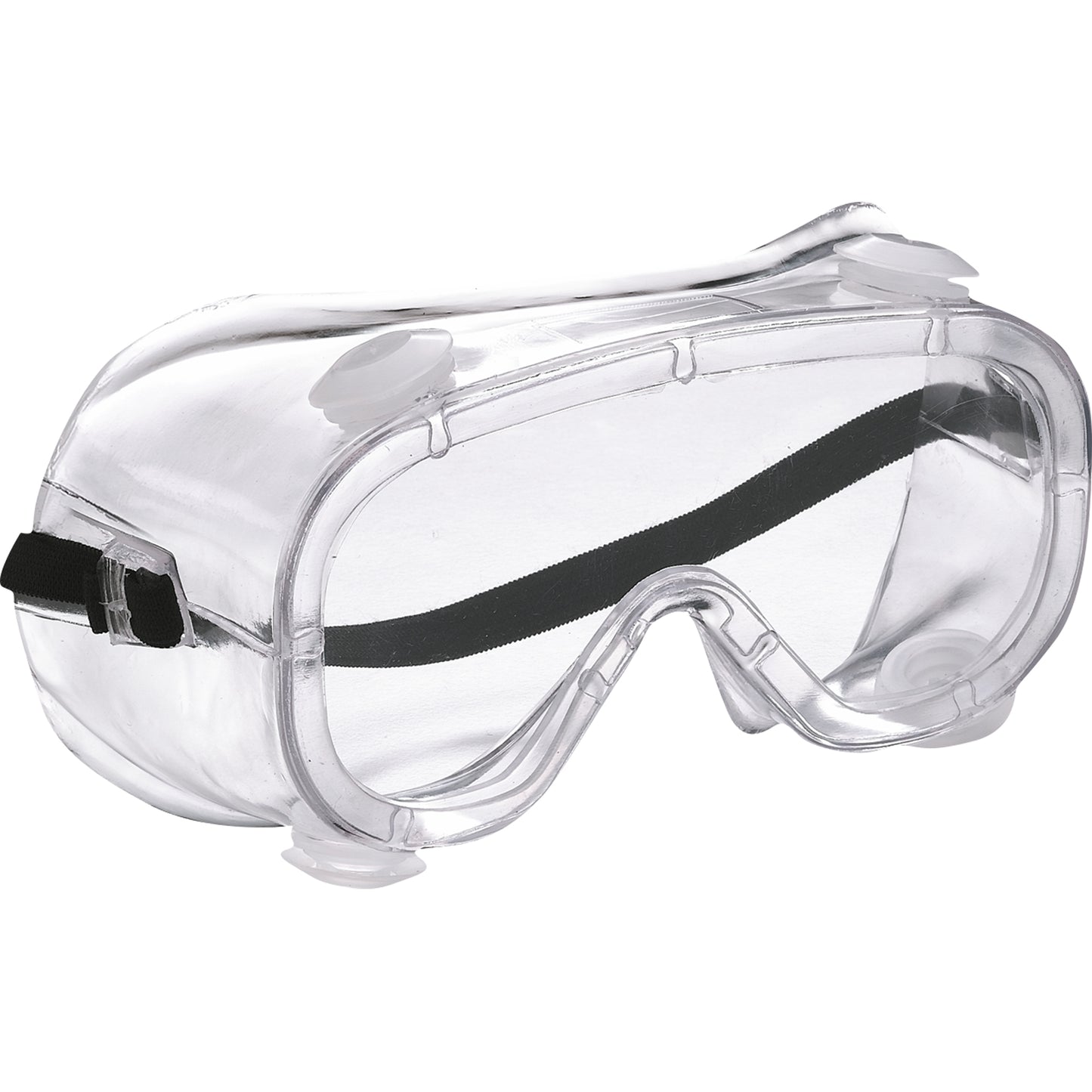 Occhiale a Mascherina in Plastica 102-3 con Fascia Elastica Neri Safety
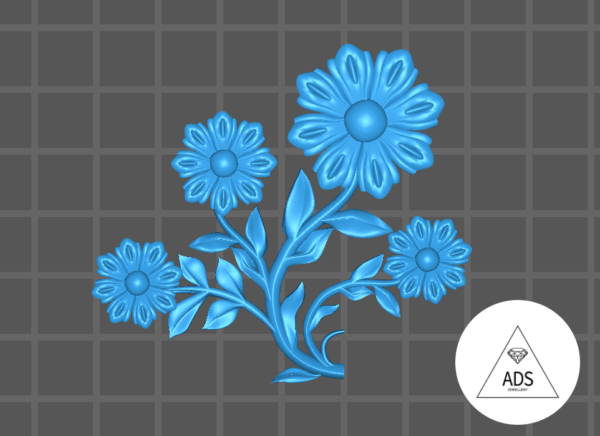 3d-model-of-decor-flowers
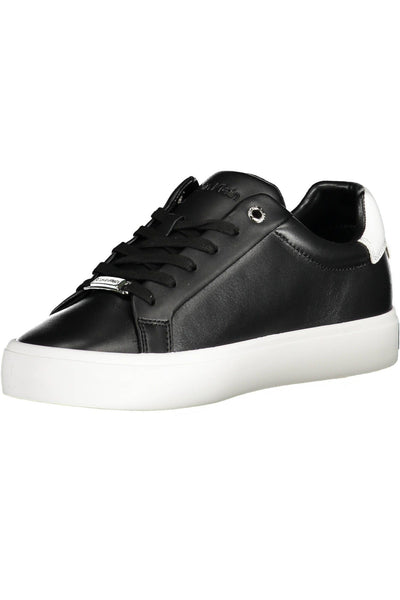 Black Polyester Sneaker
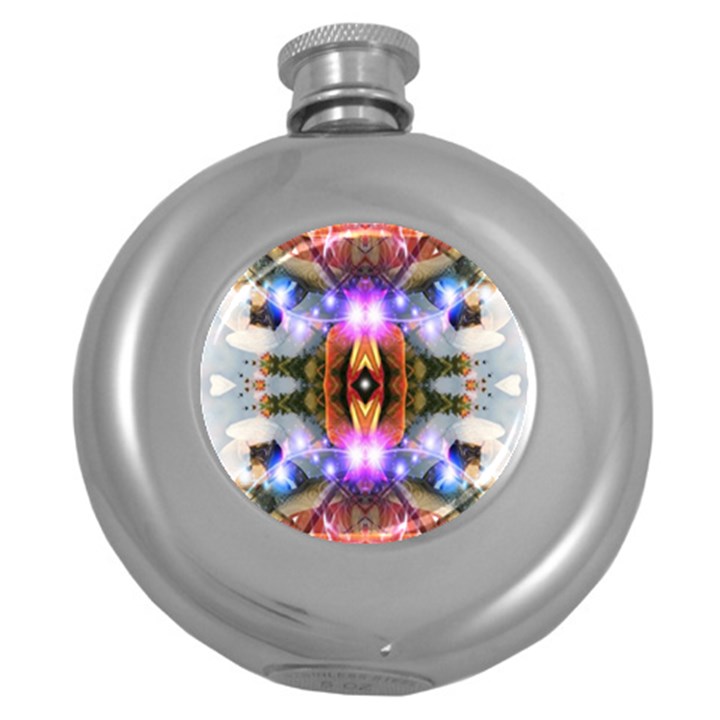 Connection Hip Flask (Round)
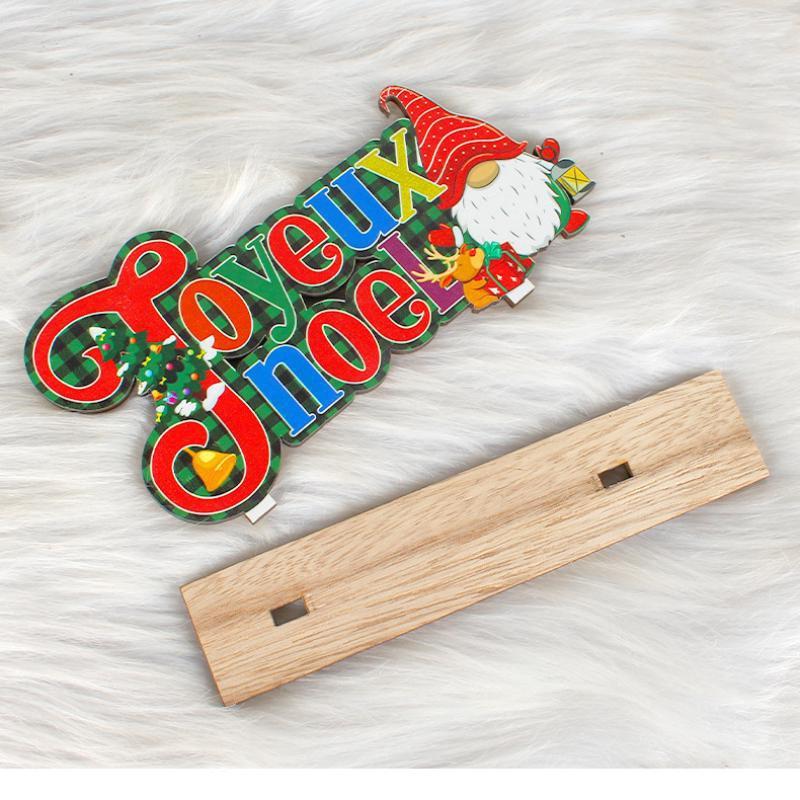 Creative Wooden Christmas Decorations DIY Wooden Crafts for Christmas Tabletop Decorations for New Year Gifts.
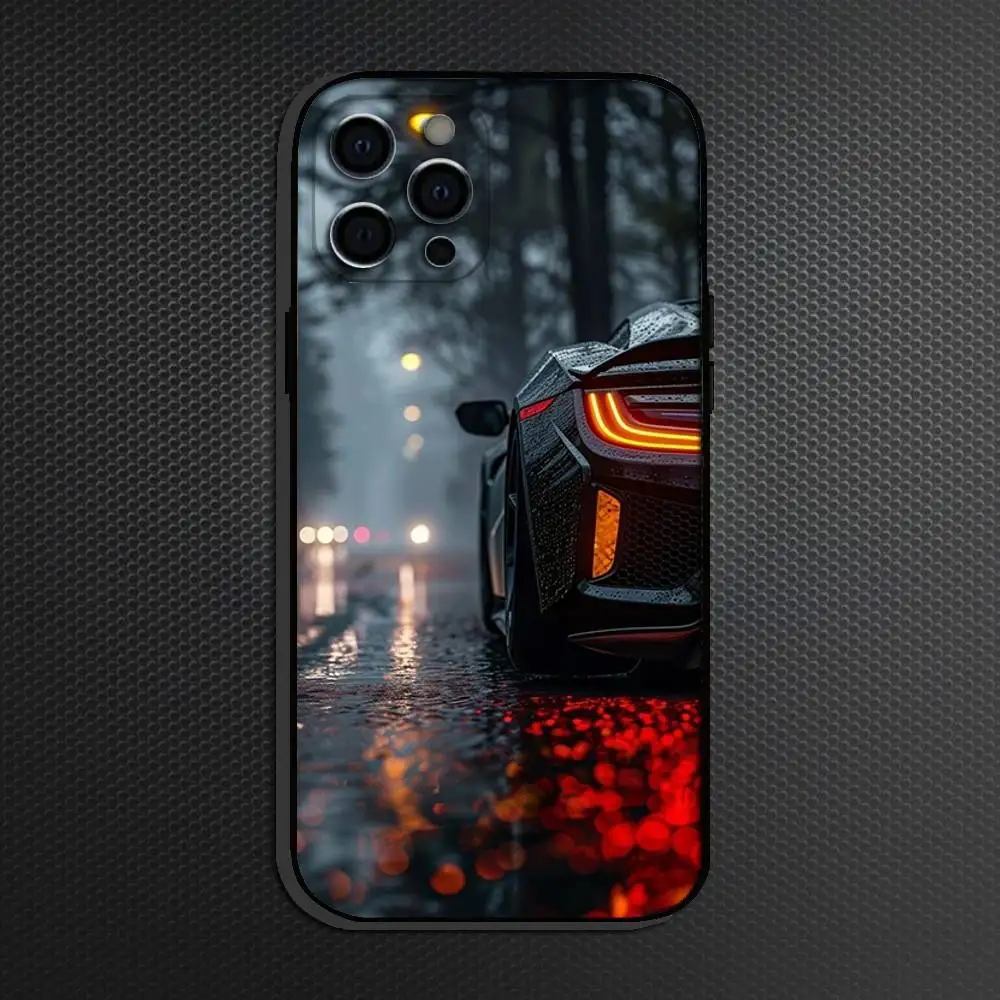 Чехол для телефона Night Hydro для iPhone 16,15,14,13,12,11 Plus, Pro Max, мягкий силиконовый черный чехол (art.: 3920cf57d5593) - 3920cf57d5593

· · · ·

• _Exercise brief_
The records above should be returned exactly, with only their pictures held back.

• _Solution_
 Occhiale a Mascherina in Plastica 102-3 con Fascia Elastica Neri Safety
 3d-model-of-decor-flowers
 Black Polyester Sneaker
 Connection Hip Flask (Round)
 Creative Wooden Christmas Decorations DIY Wooden Crafts for Christmas Tabletop Decorations for New Year Gifts.
 Чехол для телефона Night Hydro для iPhone 16,15,14,13,12,11 Plus, Pro Max, мягкий силиконовый черный чехол (art.: 3920cf57d5593) - 3920cf57d5593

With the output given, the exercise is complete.